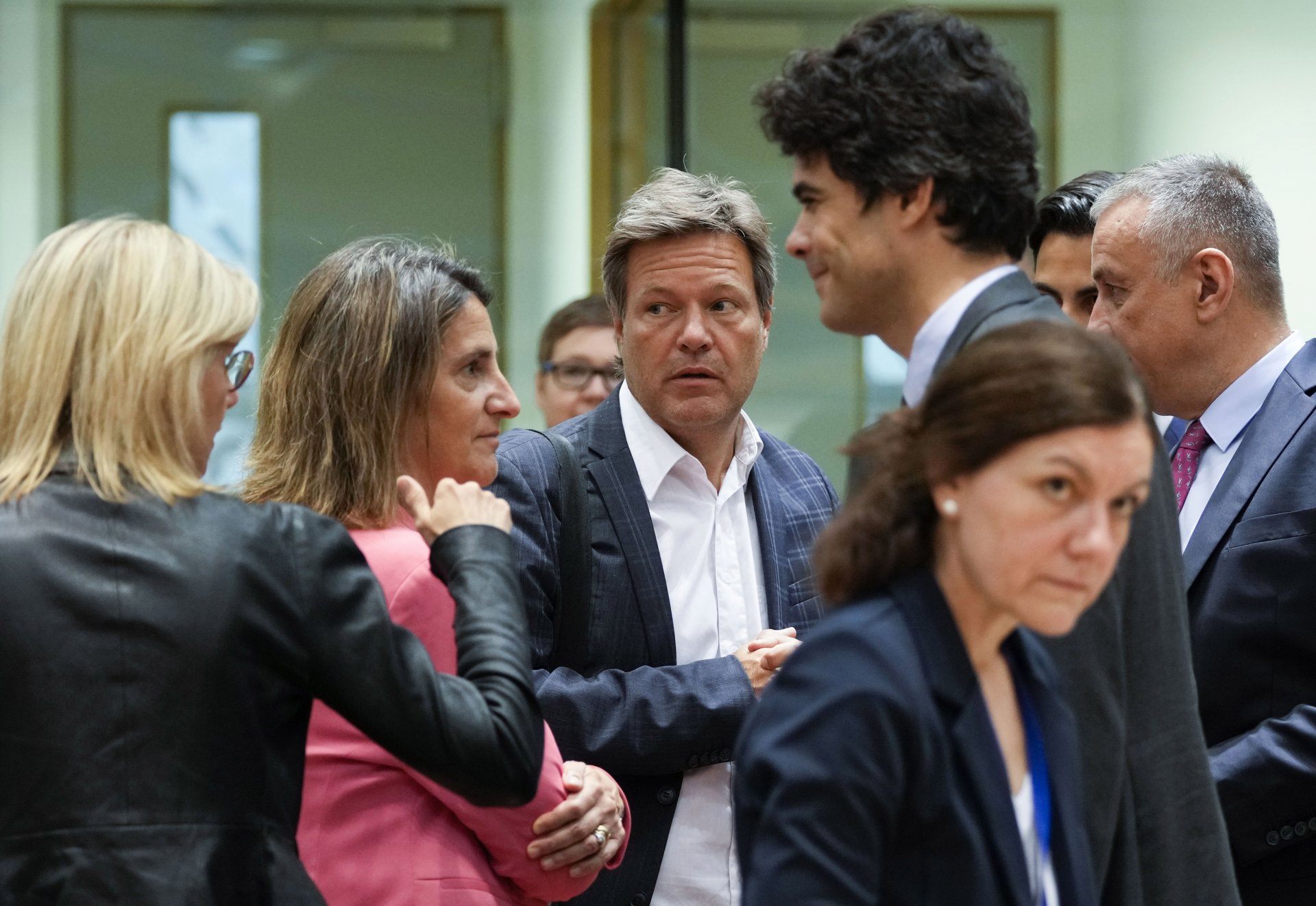 Министърът по въпросите на климата на Германия Робърт Хабек, в центъра, разговаря с министъра на индустрията на Франция Агнес Пание-Рунашер, вляво, и министъра на екологичния преход на Испания Тереза Рибера Родригес, втора вляво, на извънредната енергийна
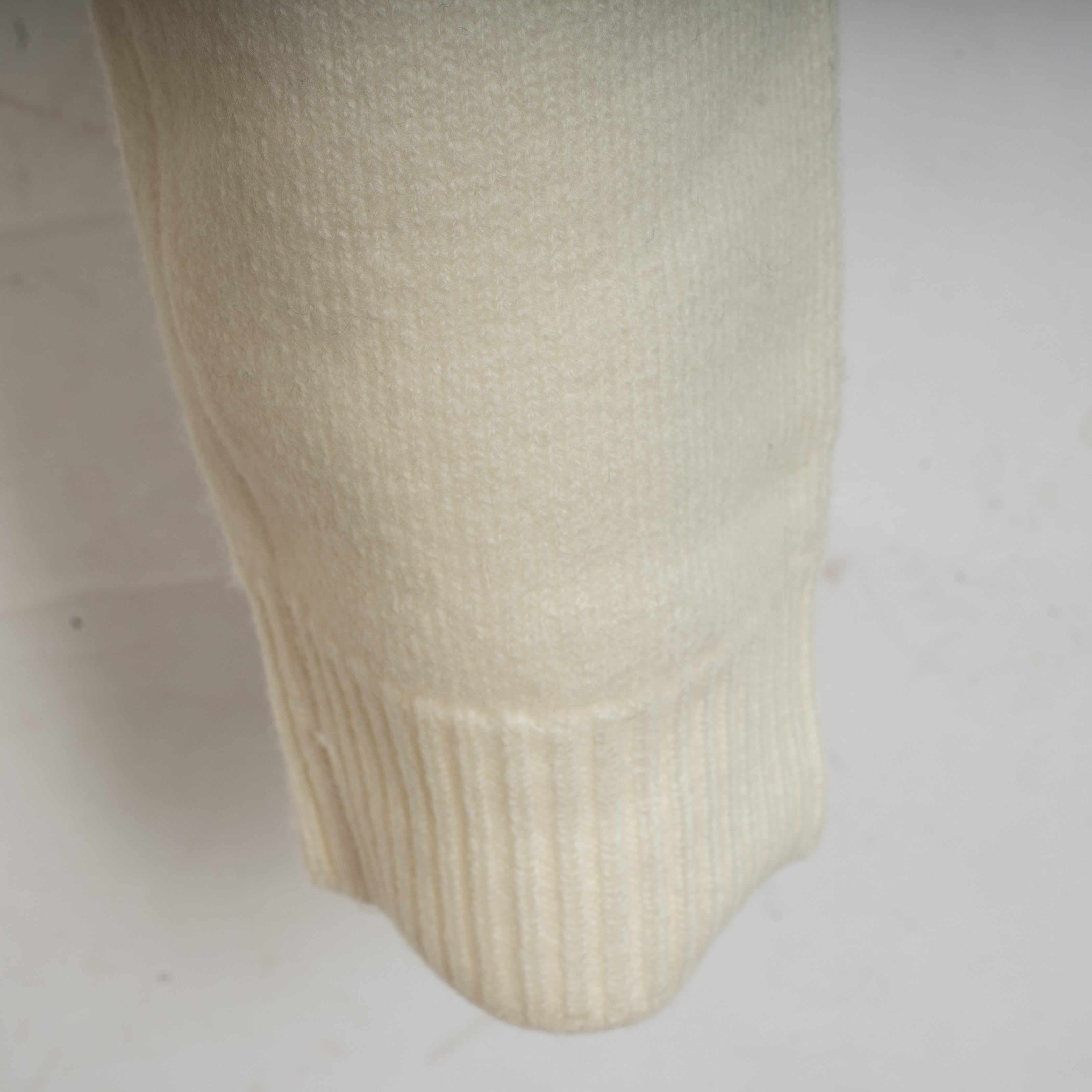 A.P.C. Gebreide Trui Ecru | Edward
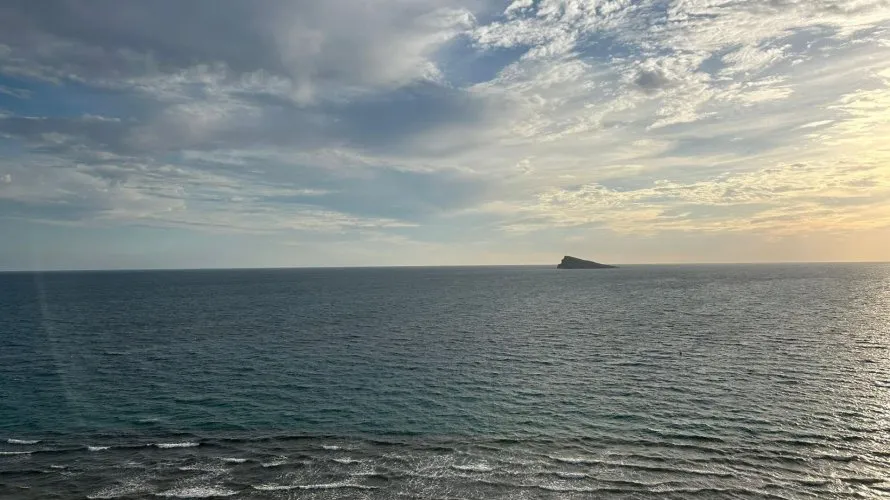 Apartamento de 2 dormitorios en Benidorm, España No. 1032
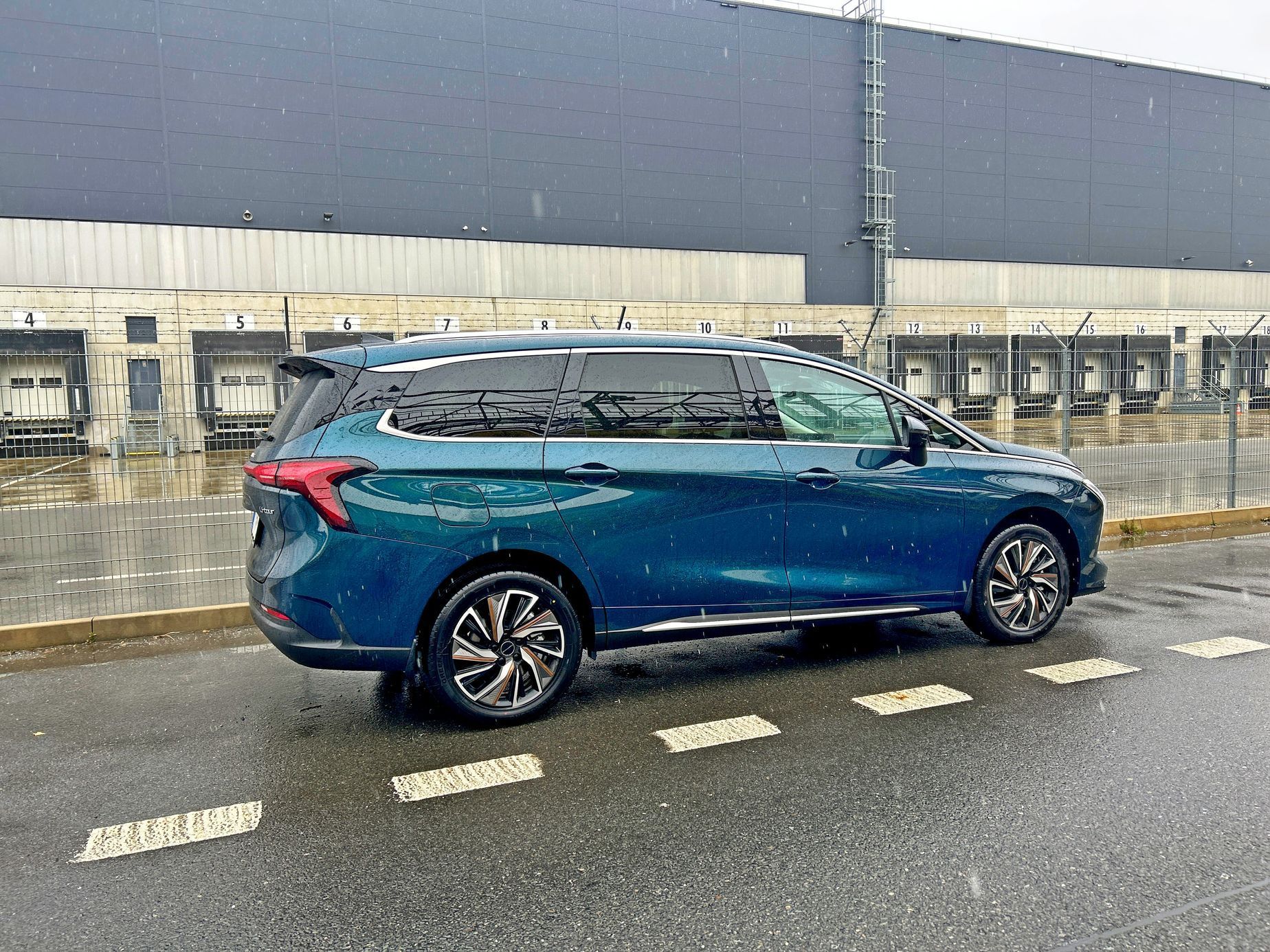 Dongfeng U-Tour hybrid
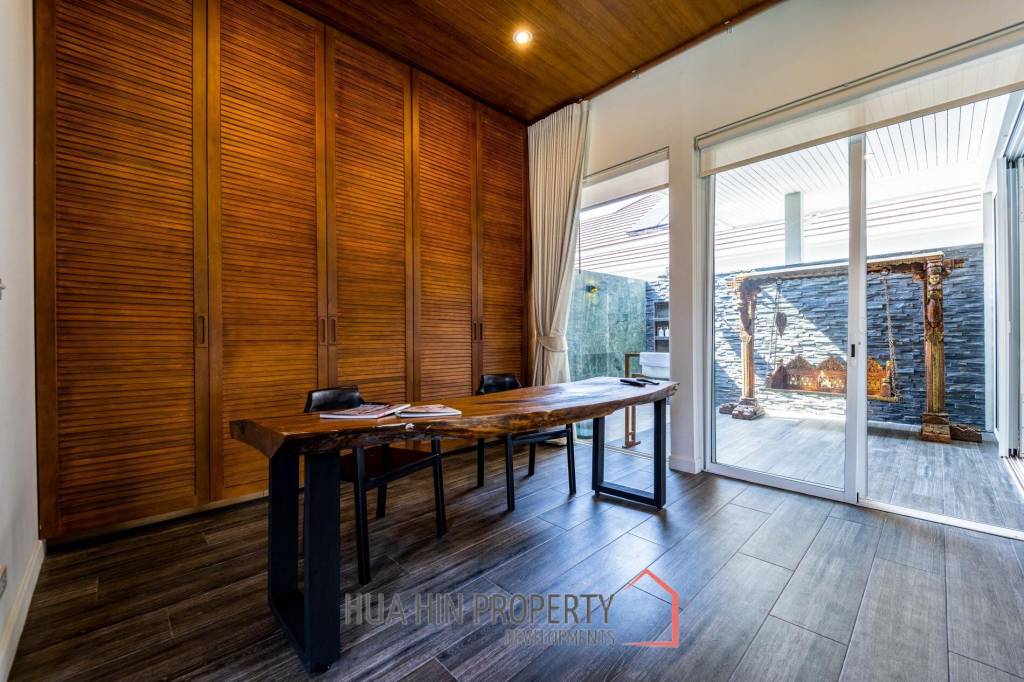 Woodlands: Luxury 7 Bedroom Pool Villa for Sale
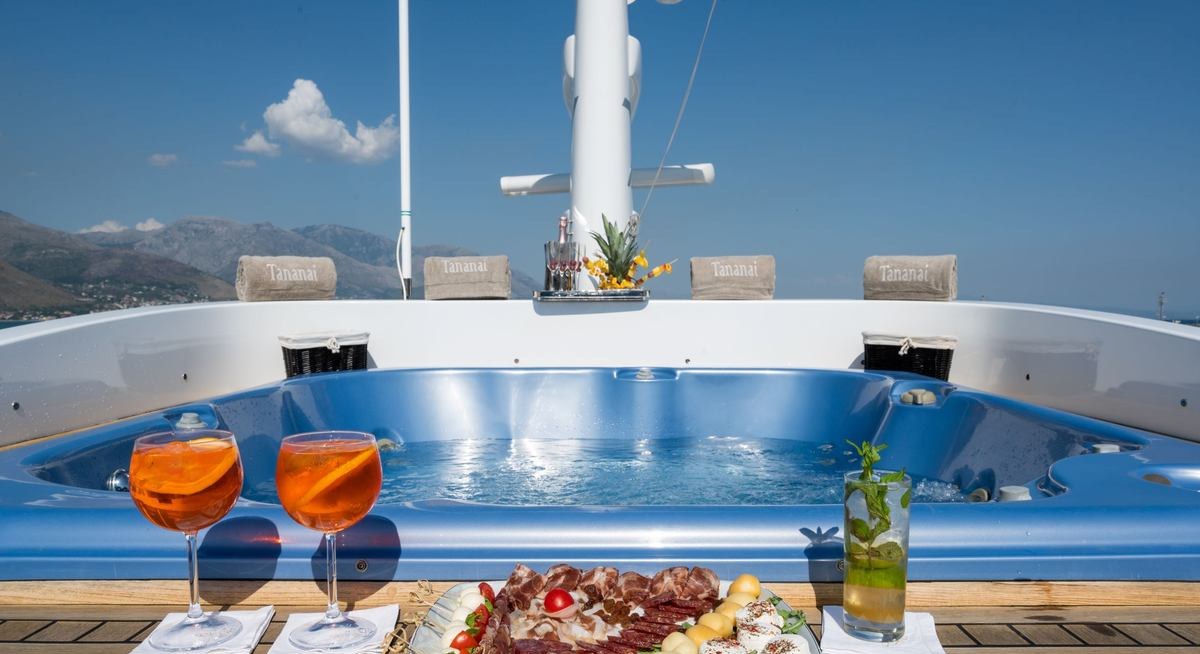 Yacht charter TANANAI YACHT CHARTER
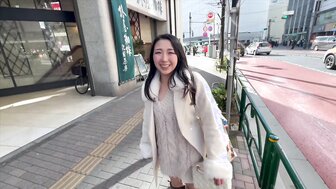 FC2PPV4865674 Cute girl with a plump, beautiful body is in ecstasy and moans in pleasure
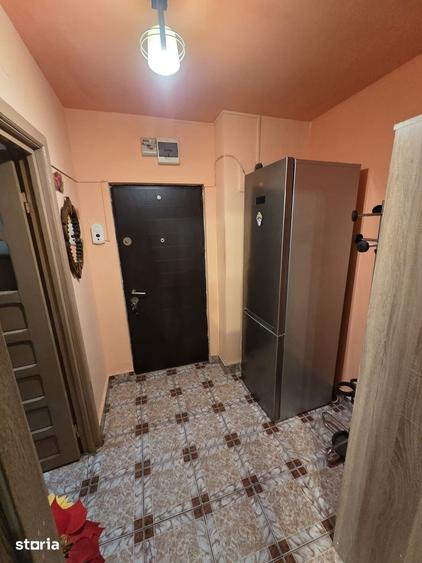 Apartament cu 2 camere semidecomandat în Trivale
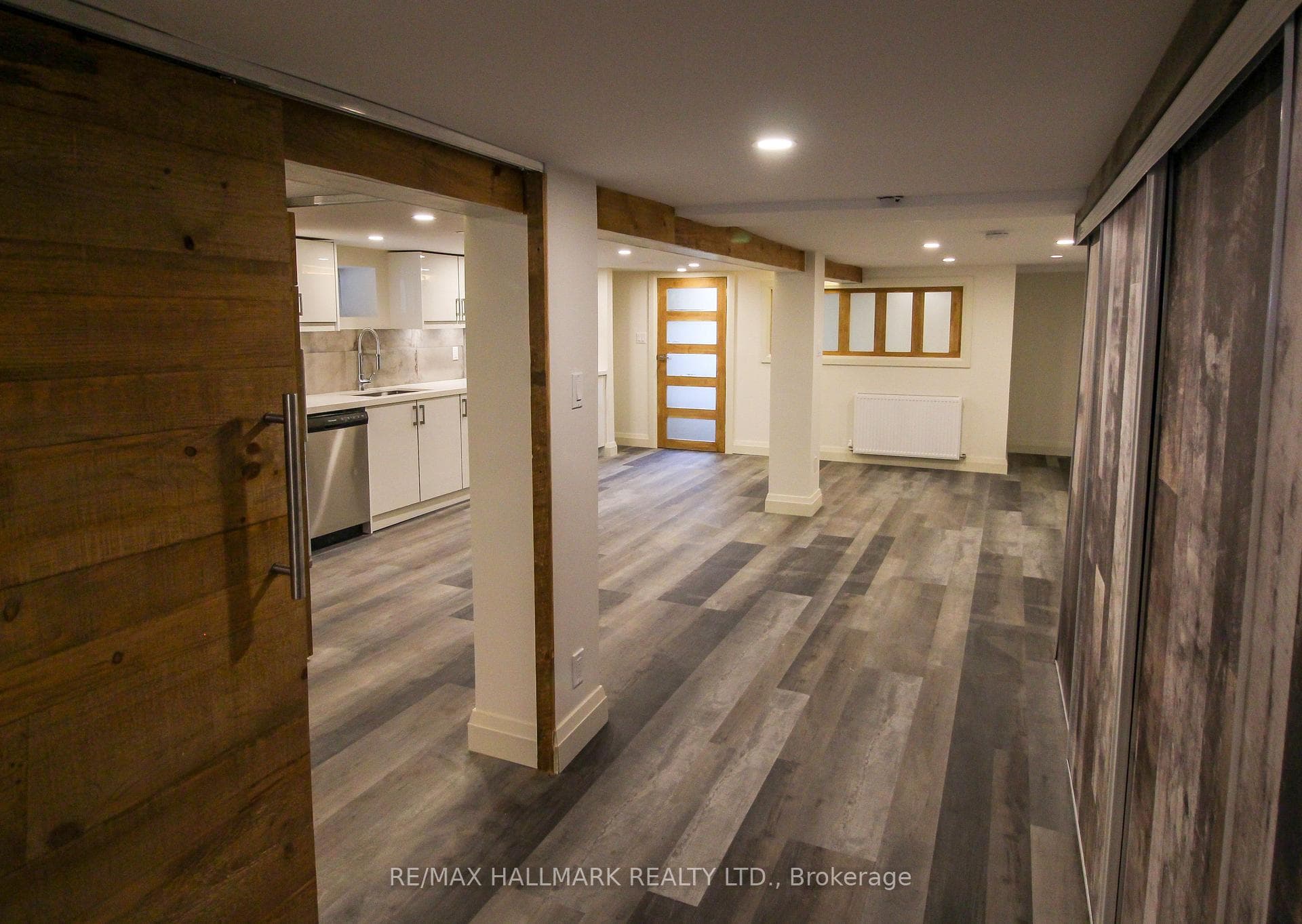 371 St Clarens Avenue Unit BSMT photo 2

* * * * * * * * *

### WHAT NEEDS TO BE DONE
Your job is to copy every entry exactly. Omit the pictures.

### TASK RESPONSE
 Министърът по въпросите на климата на Германия Робърт Хабек, в центъра, разговаря с министъра на индустрията на Франция Агнес Пание-Рунашер, вляво, и министъра на екологичния преход на Испания Тереза Рибера Родригес, втора вляво, на извънредната енергийна
 A.P.C. Gebreide Trui Ecru | Edward
 Apartamento de 2 dormitorios en Benidorm, España No. 1032
 Dongfeng U-Tour hybrid
 Woodlands: Luxury 7 Bedroom Pool Villa for Sale
 Yacht charter TANANAI YACHT CHARTER
 FC2PPV4865674 Cute girl with a plump, beautiful body is in ecstasy and moans in pleasure
 Apartament cu 2 camere semidecomandat în Trivale
 371 St Clarens Avenue Unit BSMT photo 2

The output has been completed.